(Or, How is Joint Employment Like Tibetan Reincarnation?)
In Tibet, it is illegal to be reincarnated as a living Buddha unless “a majority of local religious believers and the monastery management organization” has requested the reincarnation. This is according to State Religious Affairs Bureau Order No. 5, issued in 2007, apparently to clamp down on rampant, uncontrolled reincarnations.
Joint employment is like Tibetan reincarnation in that both have lots of rules. But unlike Tibetan reincarnation, joint employment is not illegal.
Joint employment merely means that, in the eyes of the law, there are two employers. So far, no problem.
The problems arise if the primary employer doesn’t do what it’s supposed to do.

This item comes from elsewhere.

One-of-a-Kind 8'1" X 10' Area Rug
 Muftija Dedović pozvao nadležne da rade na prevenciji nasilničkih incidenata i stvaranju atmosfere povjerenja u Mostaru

Consider a staffing agency scenario. The staffing agency is the primary employer. If the staffing agency’s employees are working at your company, taking direction from your supervisors, and working side-by-side with your employees, then the staffing agency workers are probably your joint employees.
The staffing agency is expected to pay its employees minimum wage, properly calculate their overtime, track their hours, etc. If they do all those things, no problem.
But if they don’t, that’s when joint employment becomes a problem. Even though your company has no control over the payroll processes of the staffing agency, your company can be held liable for their mistakes. That’s because under the Fair Labor Standards Act (FLSA), joint employers are both responsible for making sure that employees are properly paid.
The lesson here is to be careful about the companies you partner with for your staffing needs. If the agency is reliable, well-established, well-financed, and well-insured, then you should be in good shape. Fly-by-night operations that price their services at too-good-to-be-true discounts are a risk — not just because they might fail to provide you with quality employees, but because they might fail to properly pay those employees and then your company can be held responsible.
Be careful who you invite into your tent. Screen your staffing agencies. Impose contractual requirements that protect your business. Require adequate insurance. And do not ever permit any unauthorized reincarnations.